The PM can forget about helping solve the world’s food shortage, so long as his government insists on taking 3,500 gigalitres of irrigation water out of production in the Murray-Darling Basin. Patrick J. Byrne reports.
Taking 3,500 gigalitres out of production, under the federal water plan, is the equivalent of taking all the water allocated for irrigation to all the NSW and Victorian farmers along the lower Murray irrigation system. It is the equivalent of taking all the water normally stored in the Hume Dam, or 90 per cent of Dartmouth Dam, or seven Sydney Harbours.
In economic terms, it will cripple Australia’s richest food-producing region. Across Australia, “80% of farm profits were generated from around 2% of the [Australian agricultural] landscape… — and this was largely irrigation areas in the Murray-Darling Basin.” (The Living Murray, Murray-Darling Basin Ministerial Council, 2002) Yet governments are targeting water from this highly productive irrigation land along the Murray.
The Greens and Labor support a direct buy-up of 3,500 gigalitres and, when the calculations are done on how much water would be purchased under the Coalition’s $10 billion water plan, it also amounts to around 3,500 gigalitres.
Governments are targeting the most regular, reliable water supply in the Basin, in order to deliver increased environmental flows to the Murray River. This is the water normally stored in the Hume and Dartmouth dams.
Because of their high reliability of supply, these dams supply irrigation water to the permanent plantings in agriculture, such as fruit and nut trees, grape vines and dairy pastures. These farms were guaranteed full water allocations 95 years out of a 100, because these forms of agriculture require 100 per cent of their water needs every season to supply a crop. Should trees and vines die off in a drought, they take up to seven years to mature and reach full production again. Pastures also take years to re-establish.
Irrigation turned this low rainfall area into one of Australia’s highest-value output agriculture regions — but not for much longer, if current trends continue.

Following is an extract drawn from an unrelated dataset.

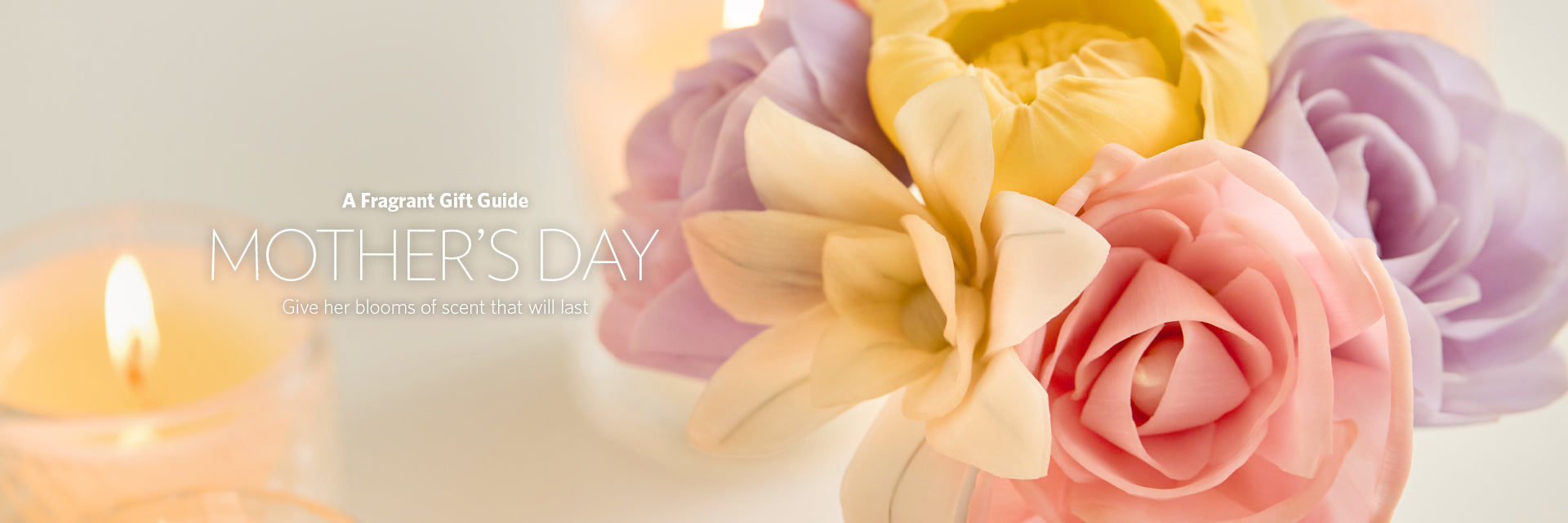 oils-banner
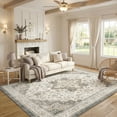 thumbnail image 1 of CHITOOMA 5'x7' Area Rugs for Living Room, Soft Vintage Rugs for Bedroom Office Machine Washable Rugs for Dining Room Distressed Non-Slip Carpet, 1 of 7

To have the federal and state governments purchasing water from drought-stressed, debt-stressed farmers in the middle of the worst drought in the Basin’s history is unconscionable. Irrigation groups have accused federal and state governments of adding insult to injury by colluding to buy the water at the lowest price possible.
Incredibly, the draconian water-purchase targets were set before any Basin plan has been put in place.
The latest Council of Australian Governments (COAG) meeting in March called for the new Murray-Darling Basin Authority (MDBA) to have a plan ready by 2011. But what plan?
The MDBA plan is supposed to include an audit of the Basin’s resources. To put this proposal in perspective, reform of the Basin’s water allocations began under the National Water Initiative, way back in 1994. Since then, the audit has been promised time and again.
• there is still no audit of the Basin’s water;
• there is yet to be any major scientific, environmental study of the 22 issues affecting the health of the rivers and their surrounding regions, to determine an evidence-based environmental strategy for the Basin’s rivers; and
• there is yet to be any study of the social and economic impacts of permanent water-trading, which has been happening on a limited scale for several years, and to which farmers and communities have been bitterly opposed.
By any sensible measurement of outcomes involving $10 billion of taxpayers’ money, these three steps should have constituted the very first phase of developing a water policy.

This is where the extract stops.